ACTIVITY » Would you please copy all of the data exactly, skipping the images?

-- Opening Marker --

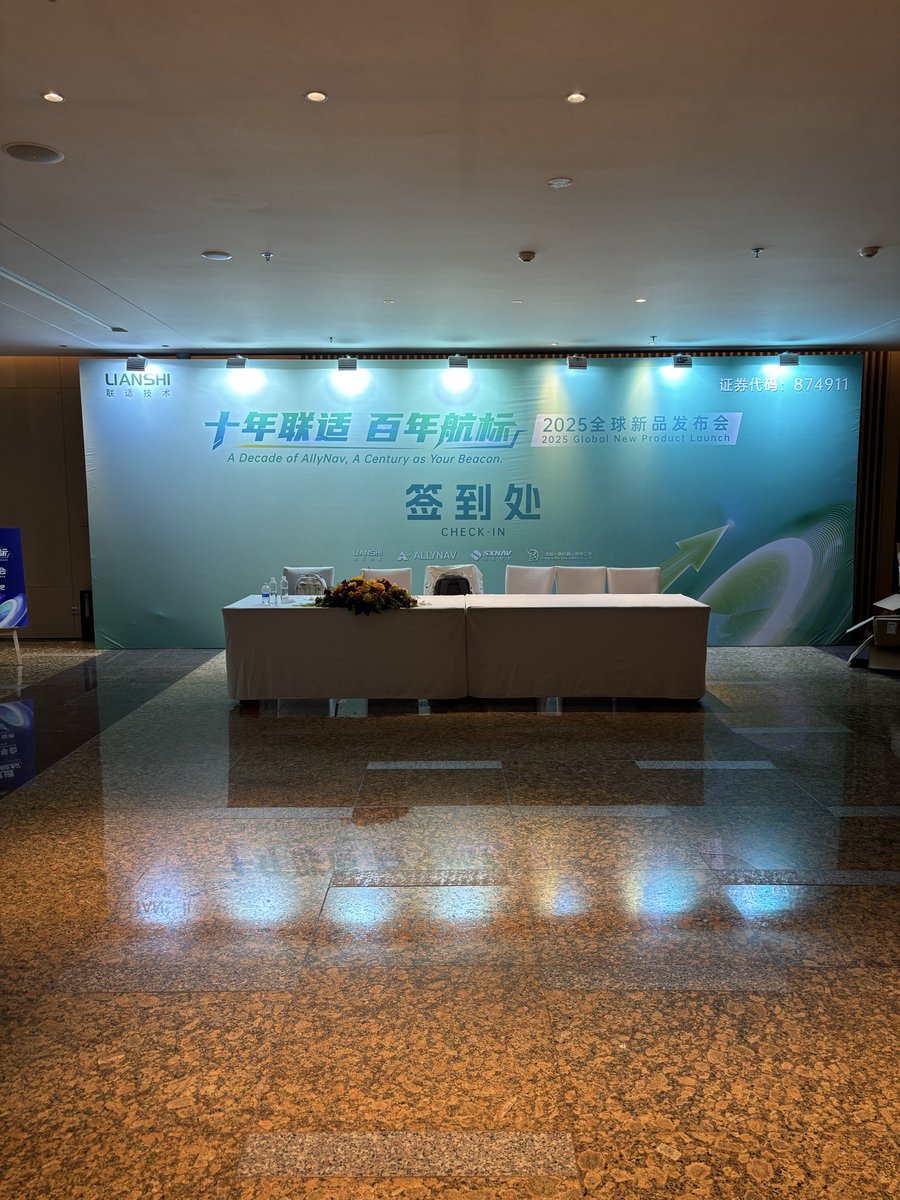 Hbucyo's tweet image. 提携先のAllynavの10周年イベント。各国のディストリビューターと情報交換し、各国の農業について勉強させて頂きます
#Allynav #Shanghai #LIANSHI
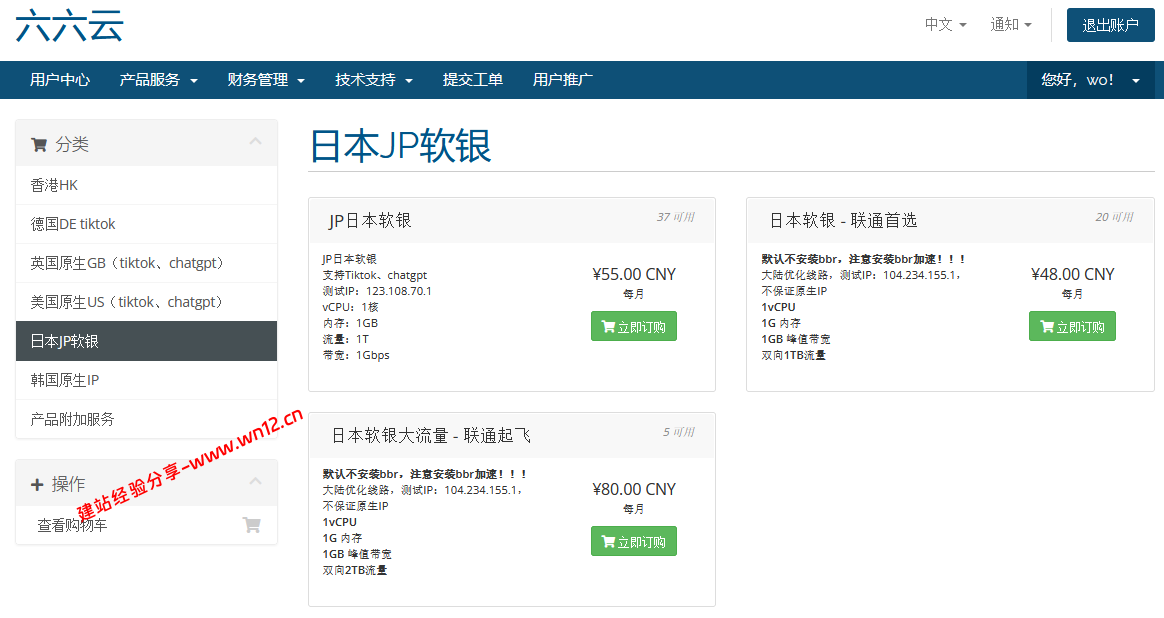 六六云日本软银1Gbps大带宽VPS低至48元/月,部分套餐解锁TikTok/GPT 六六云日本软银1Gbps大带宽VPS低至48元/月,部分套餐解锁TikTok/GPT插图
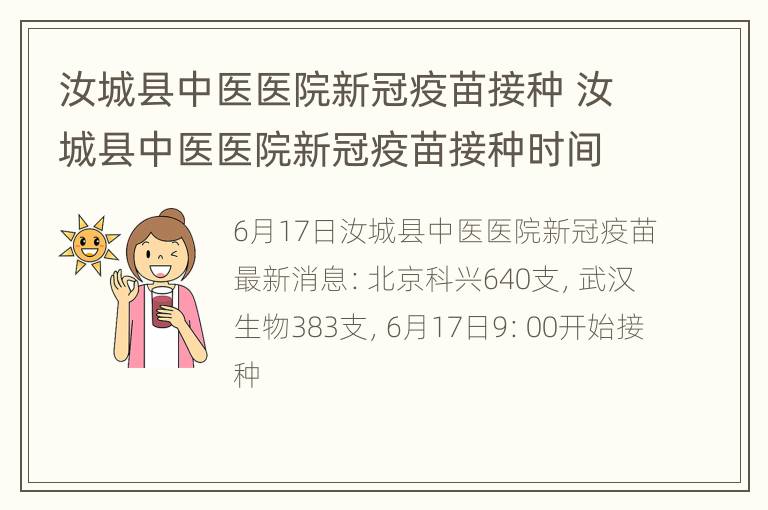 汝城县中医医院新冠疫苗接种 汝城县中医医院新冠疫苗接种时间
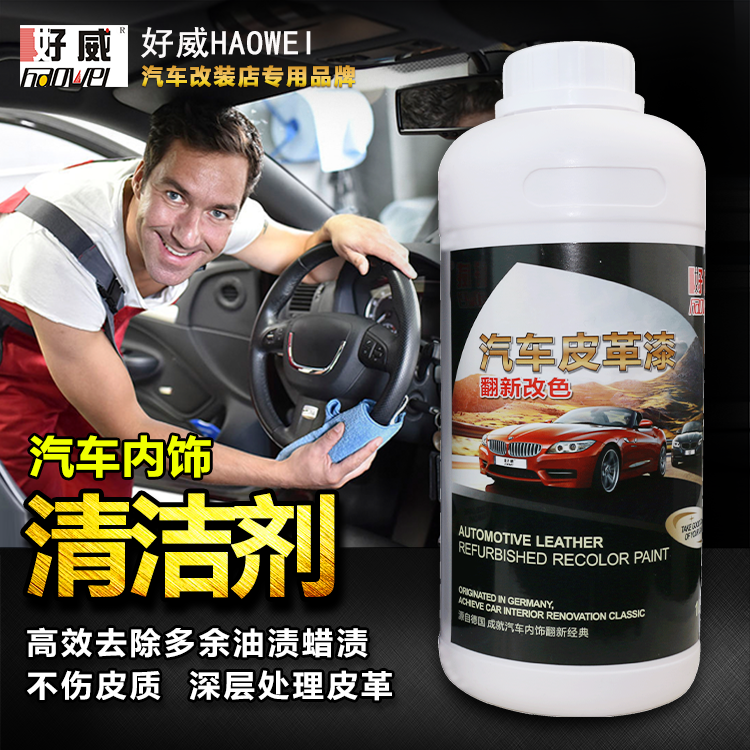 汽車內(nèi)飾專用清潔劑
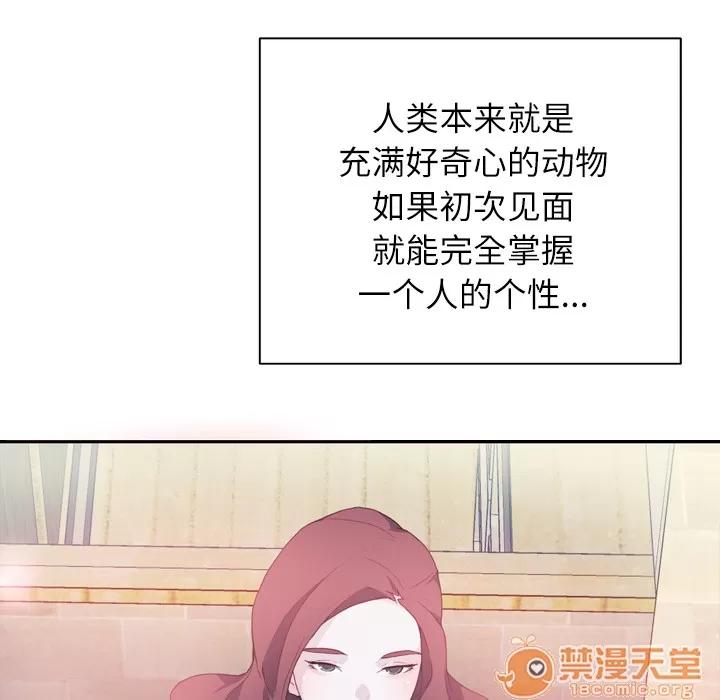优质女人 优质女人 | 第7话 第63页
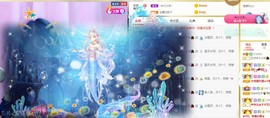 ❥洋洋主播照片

-- Closing Marker --

TASK RESULT »
 Hbucyo's tweet image. 提携先のAllynavの10周年イベント。各国のディストリビューターと情報交換し、各国の農業について勉強させて頂きます
#Allynav #Shanghai #LIANSHI
 六六云日本软银1Gbps大带宽VPS低至48元/月,部分套餐解锁TikTok/GPT 六六云日本软银1Gbps大带宽VPS低至48元/月,部分套餐解锁TikTok/GPT插图
 汝城县中医医院新冠疫苗接种 汝城县中医医院新冠疫苗接种时间
 汽車內(nèi)飾專用清潔劑
优质女人 优质女人 | 第7话 第63页
 ❥洋洋主播照片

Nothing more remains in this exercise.